Clematis Armandii are evergreens and have the most lovely scented flowers in very early spring. Can be put on E and N facing panels. Alpina and macropetala are spiky blue/purple small flowers and have fantastic seed heads the rest of the year. Then you've the major league ones: the big classic sideplate-size flowers in midsummer. Finishing off are the viticellas - purples and texensis - burgundys and pinks, both of which grow each year from the ground upwards and can put on 10' in a year. I've given up trying to get my viticella out of a hazel tree. It likes it up there! But to keep them on a fence panel they need to be viciously chopped! Good for areas which might get strimmed accidentally!
Oh and there's also the C. cirrhosa bunch - freckly cream bells which flower in winter.

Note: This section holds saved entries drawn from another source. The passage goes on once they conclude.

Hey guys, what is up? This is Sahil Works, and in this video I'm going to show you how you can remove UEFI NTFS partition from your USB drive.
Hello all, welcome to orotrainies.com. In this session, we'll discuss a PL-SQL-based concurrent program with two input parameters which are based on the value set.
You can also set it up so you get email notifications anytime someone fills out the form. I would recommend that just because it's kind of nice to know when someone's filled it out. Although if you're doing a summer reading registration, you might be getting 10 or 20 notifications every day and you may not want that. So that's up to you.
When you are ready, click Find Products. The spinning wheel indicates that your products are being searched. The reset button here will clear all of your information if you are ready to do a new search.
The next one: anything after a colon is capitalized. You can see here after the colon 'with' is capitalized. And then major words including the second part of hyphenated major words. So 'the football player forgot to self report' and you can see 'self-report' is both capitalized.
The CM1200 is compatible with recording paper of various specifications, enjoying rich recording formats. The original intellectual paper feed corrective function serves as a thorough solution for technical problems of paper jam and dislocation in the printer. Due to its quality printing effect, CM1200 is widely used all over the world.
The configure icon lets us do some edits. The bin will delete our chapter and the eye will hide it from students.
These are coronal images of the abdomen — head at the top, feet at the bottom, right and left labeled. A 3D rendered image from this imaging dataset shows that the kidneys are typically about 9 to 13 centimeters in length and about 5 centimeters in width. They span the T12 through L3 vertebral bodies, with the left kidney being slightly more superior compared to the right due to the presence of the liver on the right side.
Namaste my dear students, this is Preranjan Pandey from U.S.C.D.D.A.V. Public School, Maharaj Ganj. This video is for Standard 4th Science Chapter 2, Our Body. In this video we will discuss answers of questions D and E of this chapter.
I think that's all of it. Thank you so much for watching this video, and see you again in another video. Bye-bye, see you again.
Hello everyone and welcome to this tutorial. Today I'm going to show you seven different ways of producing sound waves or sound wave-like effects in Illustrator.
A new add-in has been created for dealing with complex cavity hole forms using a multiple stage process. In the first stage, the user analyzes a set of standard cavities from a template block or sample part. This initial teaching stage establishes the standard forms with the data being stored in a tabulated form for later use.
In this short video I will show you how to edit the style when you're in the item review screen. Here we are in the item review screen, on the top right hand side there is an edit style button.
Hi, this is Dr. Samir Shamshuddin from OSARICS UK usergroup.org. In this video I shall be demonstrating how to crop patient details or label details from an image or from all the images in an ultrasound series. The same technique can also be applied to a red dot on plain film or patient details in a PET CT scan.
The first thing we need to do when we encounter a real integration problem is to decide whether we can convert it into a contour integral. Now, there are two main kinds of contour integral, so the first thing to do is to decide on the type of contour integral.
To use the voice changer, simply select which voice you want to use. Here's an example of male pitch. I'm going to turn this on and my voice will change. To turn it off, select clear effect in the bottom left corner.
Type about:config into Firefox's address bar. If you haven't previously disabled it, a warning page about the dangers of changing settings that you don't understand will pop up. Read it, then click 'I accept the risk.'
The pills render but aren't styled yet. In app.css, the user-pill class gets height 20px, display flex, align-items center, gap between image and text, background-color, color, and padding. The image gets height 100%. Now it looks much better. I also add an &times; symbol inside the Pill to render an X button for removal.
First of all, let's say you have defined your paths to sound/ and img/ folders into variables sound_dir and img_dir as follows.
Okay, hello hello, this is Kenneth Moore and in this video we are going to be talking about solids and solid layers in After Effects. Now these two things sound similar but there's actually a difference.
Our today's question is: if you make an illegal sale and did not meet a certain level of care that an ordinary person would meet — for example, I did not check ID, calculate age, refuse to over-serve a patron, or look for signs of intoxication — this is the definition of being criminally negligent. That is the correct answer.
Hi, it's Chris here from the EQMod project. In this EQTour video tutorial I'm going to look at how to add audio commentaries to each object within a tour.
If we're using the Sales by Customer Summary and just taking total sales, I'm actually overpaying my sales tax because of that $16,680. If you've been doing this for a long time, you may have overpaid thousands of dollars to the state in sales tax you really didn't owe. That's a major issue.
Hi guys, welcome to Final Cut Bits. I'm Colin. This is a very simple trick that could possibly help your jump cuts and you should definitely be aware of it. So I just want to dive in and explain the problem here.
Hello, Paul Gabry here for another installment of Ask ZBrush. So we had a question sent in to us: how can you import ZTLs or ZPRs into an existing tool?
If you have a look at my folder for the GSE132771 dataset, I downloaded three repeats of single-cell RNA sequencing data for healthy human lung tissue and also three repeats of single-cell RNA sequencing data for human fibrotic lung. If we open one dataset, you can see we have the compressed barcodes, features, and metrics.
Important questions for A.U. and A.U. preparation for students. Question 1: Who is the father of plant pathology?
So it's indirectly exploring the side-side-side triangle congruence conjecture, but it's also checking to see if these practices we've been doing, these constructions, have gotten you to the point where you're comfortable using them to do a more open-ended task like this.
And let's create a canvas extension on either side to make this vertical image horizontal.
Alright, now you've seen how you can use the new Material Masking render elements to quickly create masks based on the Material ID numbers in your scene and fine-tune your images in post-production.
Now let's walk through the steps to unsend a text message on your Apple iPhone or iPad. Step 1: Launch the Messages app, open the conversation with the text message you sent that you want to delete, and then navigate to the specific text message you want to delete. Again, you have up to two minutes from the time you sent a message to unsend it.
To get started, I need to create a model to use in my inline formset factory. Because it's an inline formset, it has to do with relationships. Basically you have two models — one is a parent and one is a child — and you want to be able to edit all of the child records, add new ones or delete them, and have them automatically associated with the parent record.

bedbuyer · 06/03/2011 03:44

Whatever you do try and avoid ivy. It will cover up the fence but is really hard to keep in check, will spread everywhere and is only really interesting in the winter when everything else is brown. It will also grow through the fence and make it fall to bits.

I too would go for clematis as they have lovely flowers and can also be mixed with climbling roses. Another nice thing for the summer is everlasting sweet pea which has pretty flowers.

TheSkiingGardener · 06/03/2011 06:19

Passion flower covers well but can go berserk. Or you could do things like train espaliered apples along it?

DuchessOfAvon · 06/03/2011 13:17

DOn't do a honeysuckle - they are absolute thugs. I am battling with two in a small garden which we inherited - and they rampage over everything. It makes me cry. I think they are gorgrous in a huge garden where they can be left to roam but in a small one, they are disasterous. Go with a well behaved clematis.